In an extremely sinister marketing stunt, a dark web carding marketplace called BidenCash has published the details of more than 1.2 million credit cards online.
According to a BleepingComputer report (opens in new tab), the database includes card numbers, expiration dates, CVV numbers, cardholder names, bank names, card types, physical addresses, email addresses, social security numbers and phone numbers.
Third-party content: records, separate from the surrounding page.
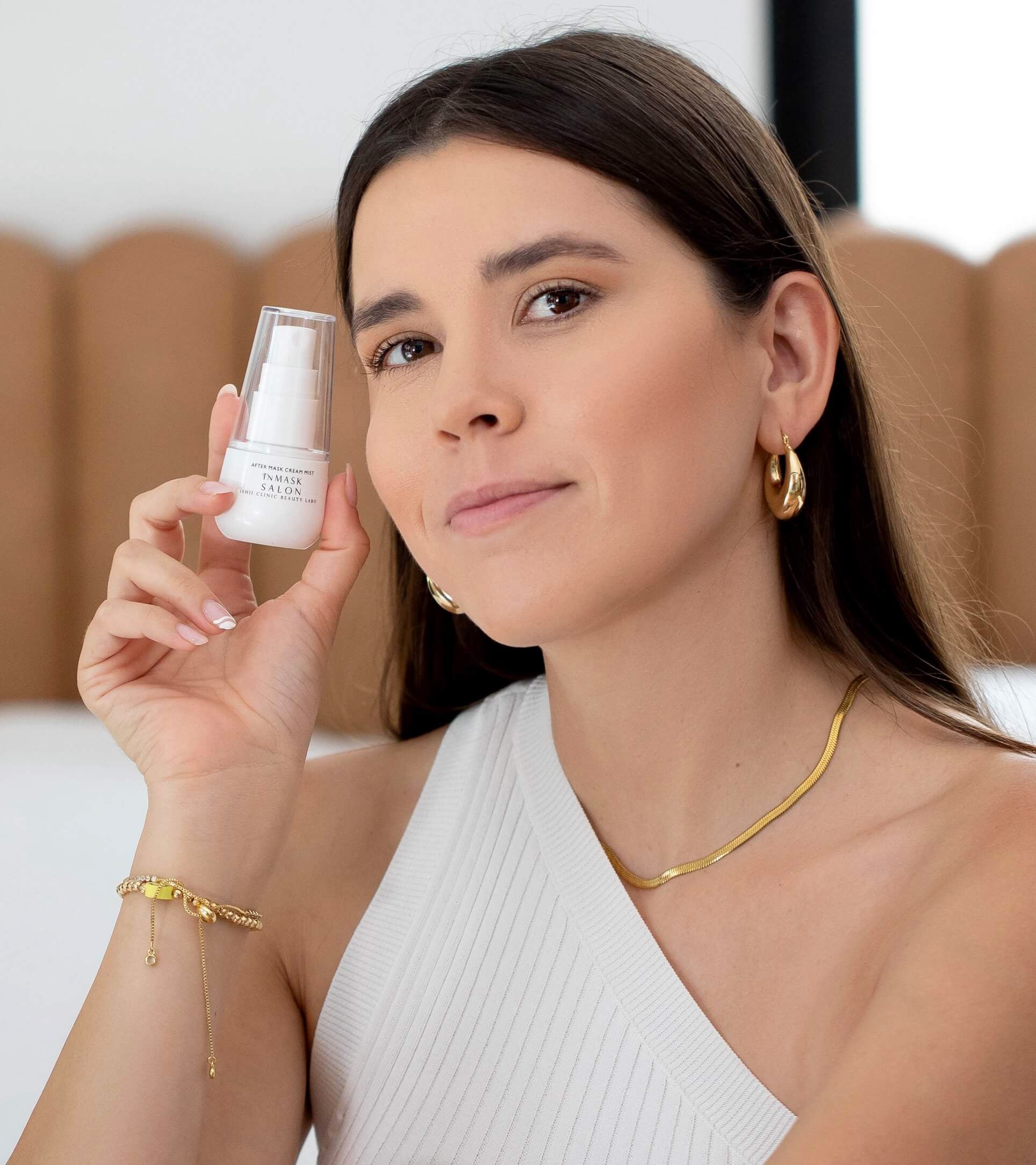 After Mask Cream Mist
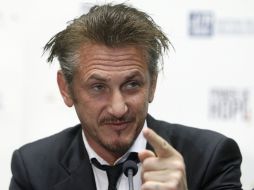 El actor se trasladó a Haití para ayudar a los damnificados del sismo de hace más de un año. REUTERS  /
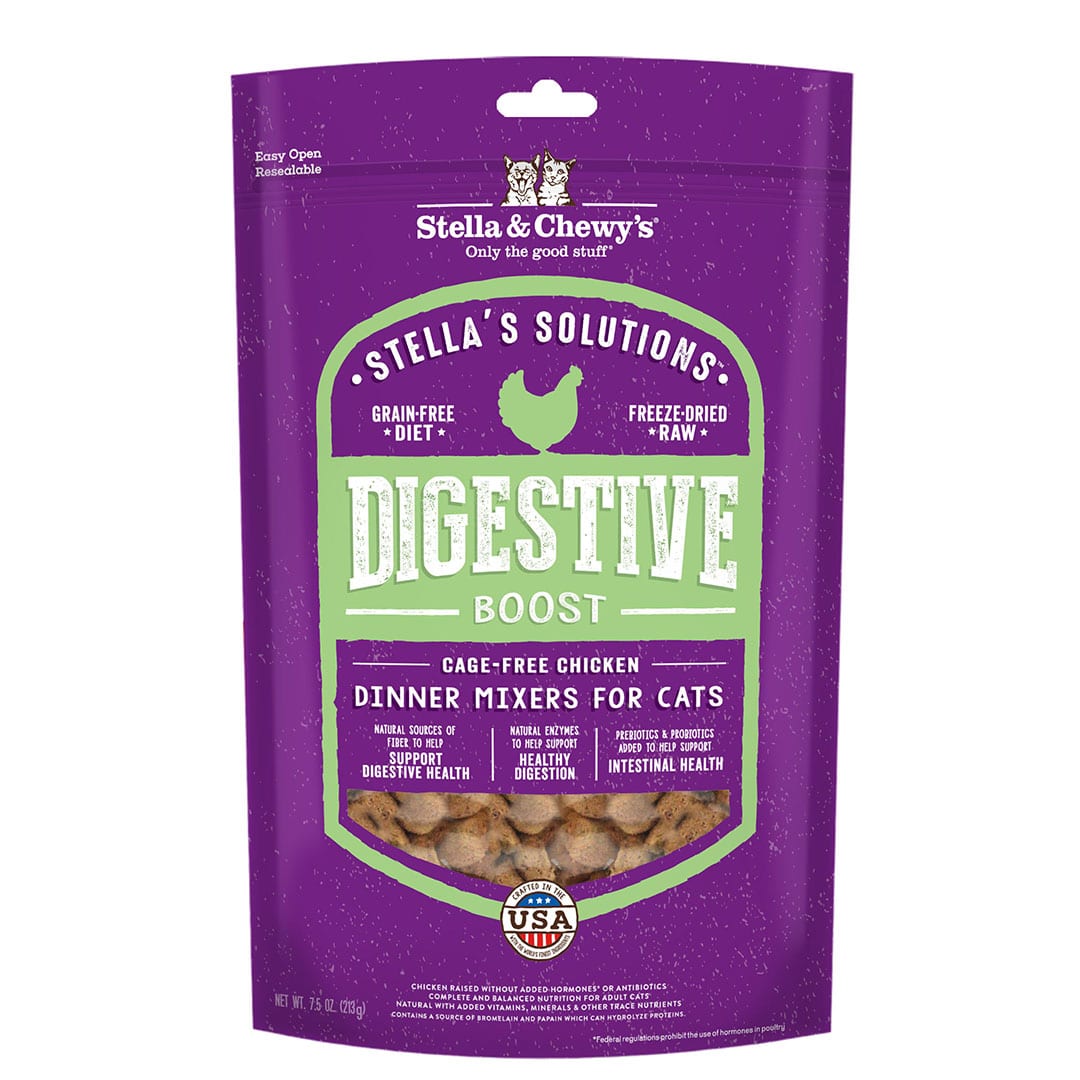 Stella’s Solutions Digestive Support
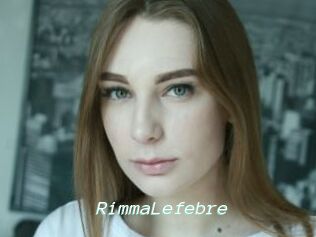 RimmaLefebre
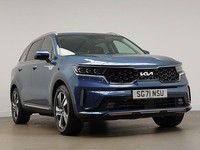 2021 Kia Sorento 1.6 T-GDi HEV 3 5dr Auto ESTATE PETROL/ELECTRIC Automatic
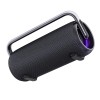 Акустика ACEFAST K2 Max Portable wireless Speaker ipx6 |BT5.3/USB/AUX, TWS, 110/220W, DSP/EQ, 7h| black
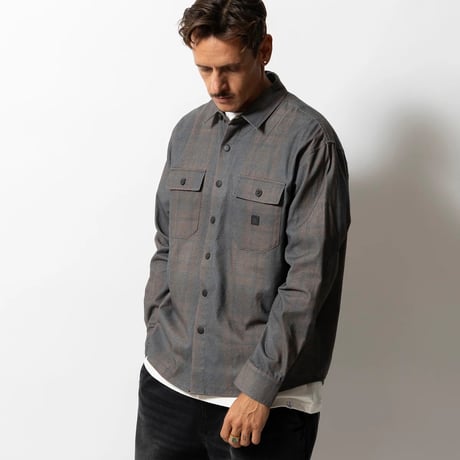 ROARK "NORDSMAN COTTON" [RUST]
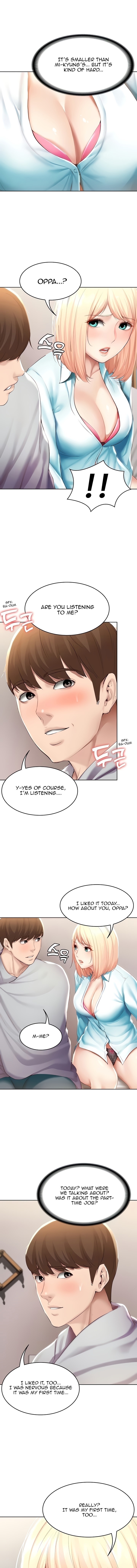 Boarding Diary Chapter 61 Page 11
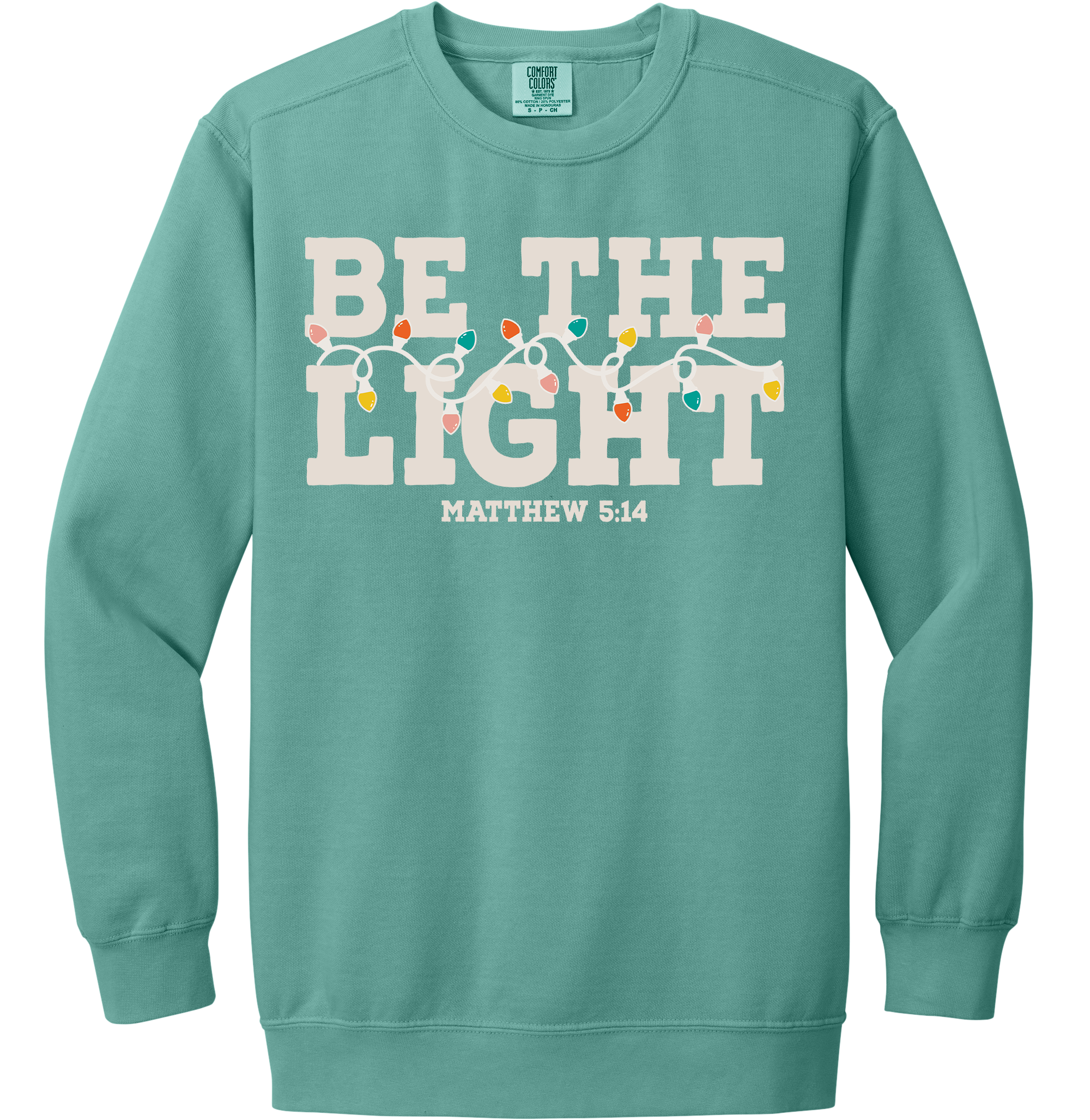 Be The Light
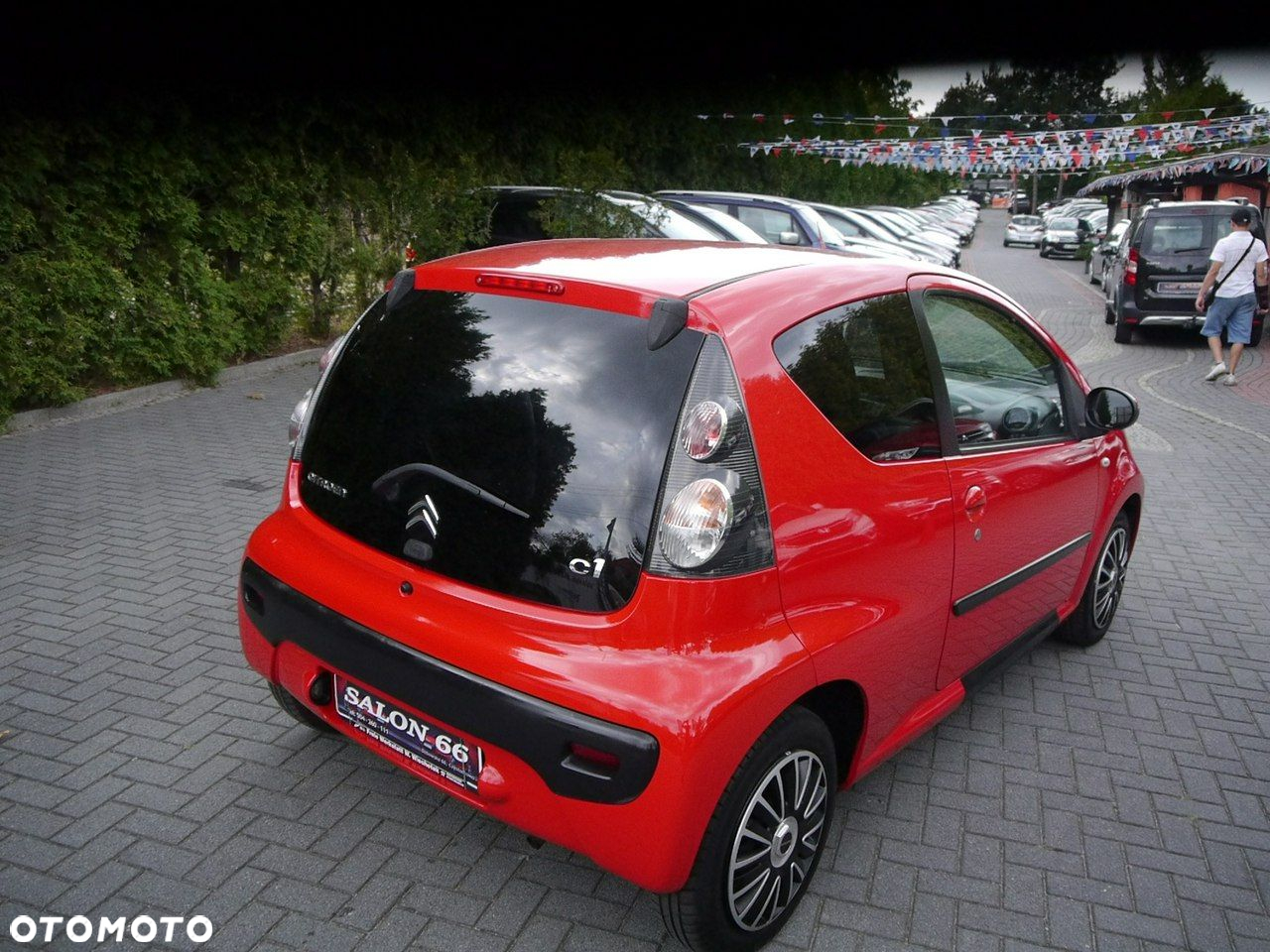 Citroën C1 1.0 Attraction - 5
Not only is this selection of data more than enough to commit financial fraud, it could also be used for identity theft (opens in new tab) as well. What’s more, many of the cards won’t expire before 2023, and some will even remain valid until 2026, the report states.
Victims worldwide
While the database contains details on cards from all over the world, most of them belong to US citizens, it was said. Other countries include Greenland, Iran, India, Bolivia, and Venezuela.
The total number of exposed cards is 1,221,551. These details are usually obtained through point-of-sale malware, magecart attacks, or other infostealers.
Even though it sounds farfetched, this seems to be nothing more than a publicity stunt. According to BleepingComputer, BidenCash recently suffered a devastating distributed denial of service (DDoS) attack, forcing it set up under new URLs.
To make sure it reaches as many cybercriminals as possible, BidenCash distributed the data dump via a clearnet domain, as well as via other hacking and carding forums.
The database of details was released last Friday and has since been confirmed as authentic by multiple sources, including BleepingComputer and D3Lab. The latter believes roughly a third (30%) are current, meaning at least 350,000 cards could still be valid.